Data extracts
== == ==
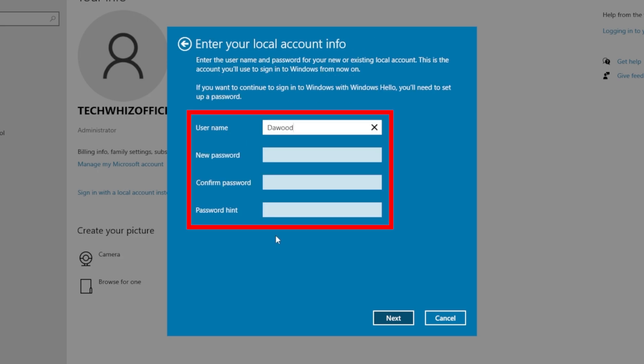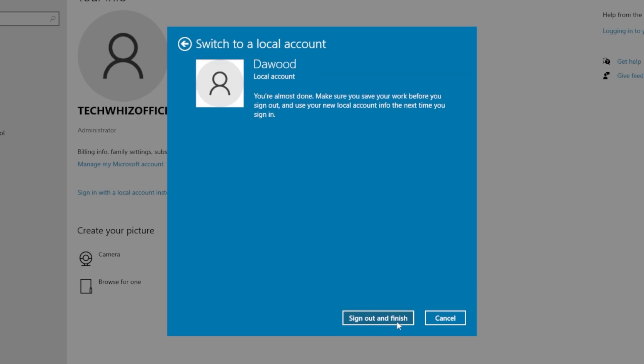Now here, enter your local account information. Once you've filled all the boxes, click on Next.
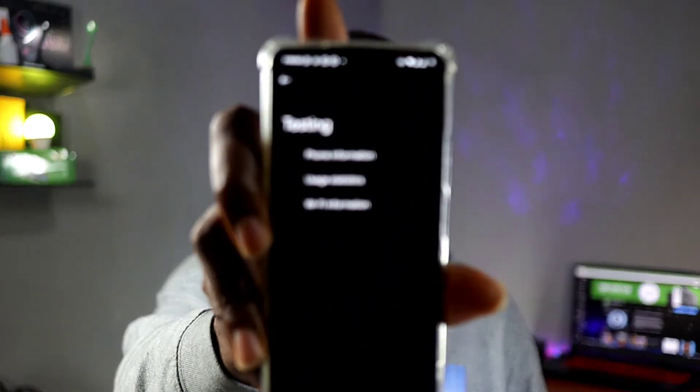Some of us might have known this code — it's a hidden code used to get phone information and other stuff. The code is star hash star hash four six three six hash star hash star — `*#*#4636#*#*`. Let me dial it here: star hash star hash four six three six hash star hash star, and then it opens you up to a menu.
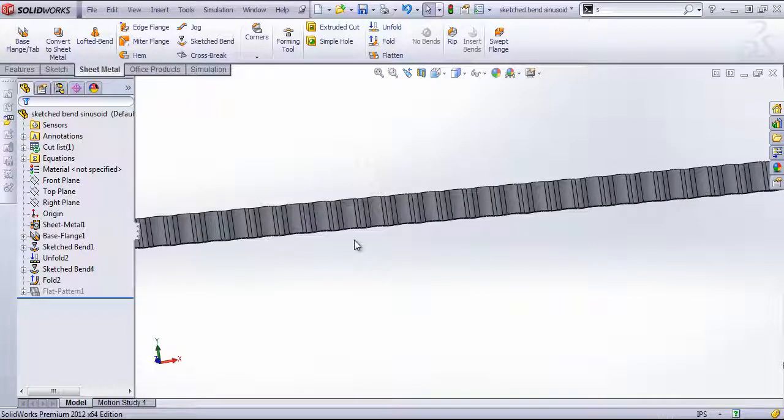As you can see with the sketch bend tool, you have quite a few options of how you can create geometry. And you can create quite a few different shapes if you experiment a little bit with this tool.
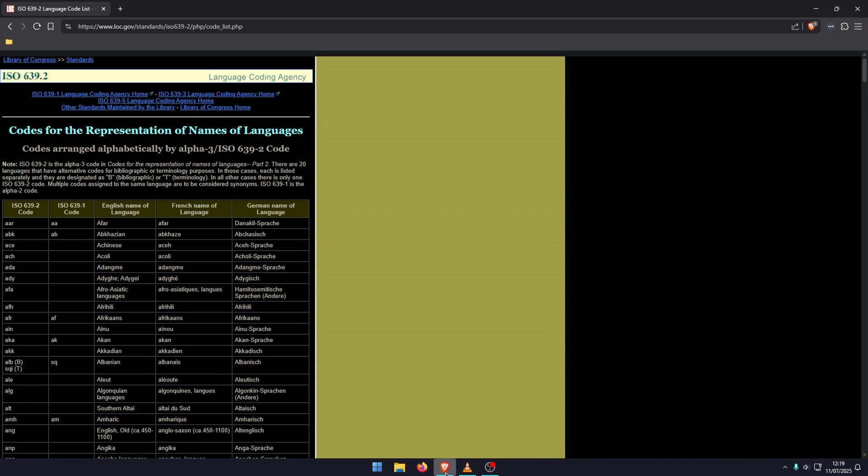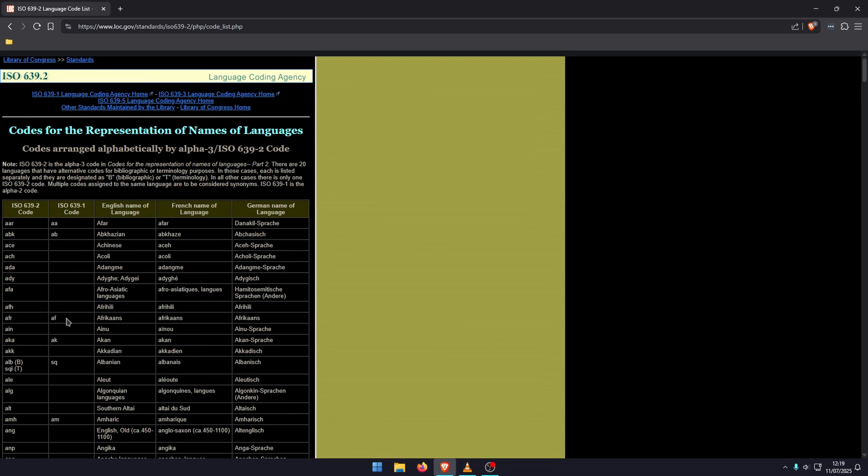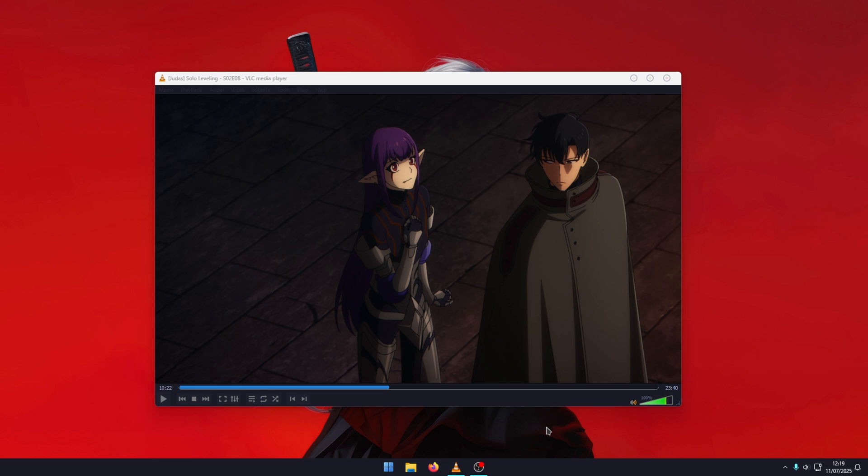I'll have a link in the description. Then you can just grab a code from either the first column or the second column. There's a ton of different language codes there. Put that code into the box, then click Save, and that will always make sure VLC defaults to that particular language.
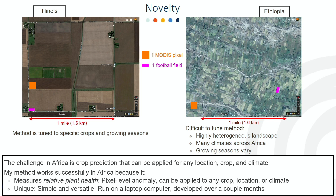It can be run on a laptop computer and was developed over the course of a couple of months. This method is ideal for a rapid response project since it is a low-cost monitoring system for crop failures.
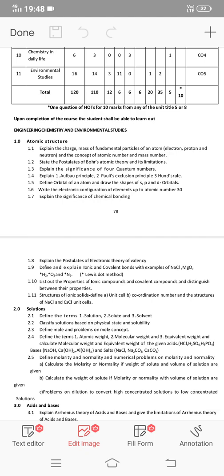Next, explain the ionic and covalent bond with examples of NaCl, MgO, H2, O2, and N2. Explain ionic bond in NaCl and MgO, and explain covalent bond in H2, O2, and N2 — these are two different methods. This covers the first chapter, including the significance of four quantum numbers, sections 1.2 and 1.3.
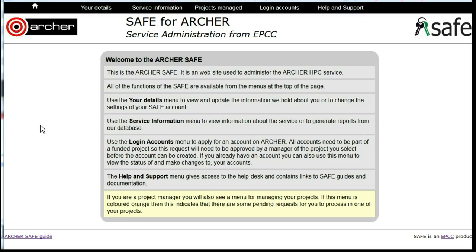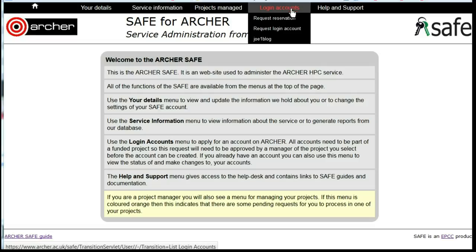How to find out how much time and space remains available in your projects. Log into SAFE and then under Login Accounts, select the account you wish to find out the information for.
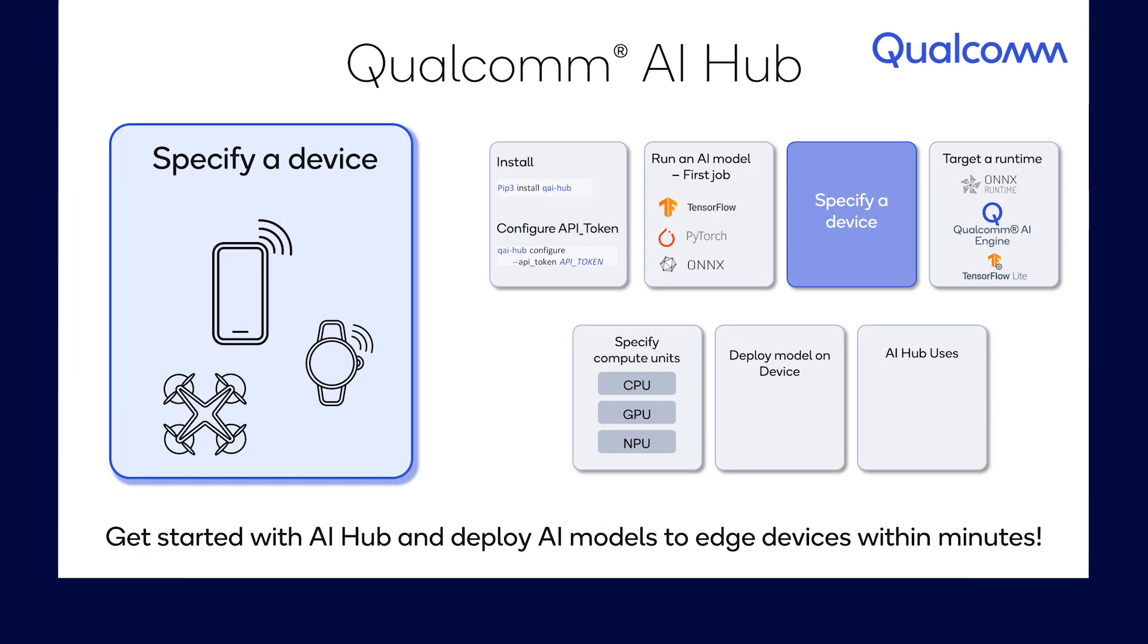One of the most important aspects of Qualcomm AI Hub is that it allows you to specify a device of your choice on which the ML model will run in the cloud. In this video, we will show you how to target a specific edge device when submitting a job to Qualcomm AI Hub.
== == ==
What is being asked
Beginning with the line in which "How to find" appears, repeat exactly each line down to the close of the material, leaving every picture out.

Response area
How to find out how much time and space remains available in your projects. Log into SAFE and then under Login Accounts, select the account you wish to find out the information for.
One of the most important aspects of Qualcomm AI Hub is that it allows you to specify a device of your choice on which the ML model will run in the cloud. In this video, we will show you how to target a specific edge device when submitting a job to Qualcomm AI Hub.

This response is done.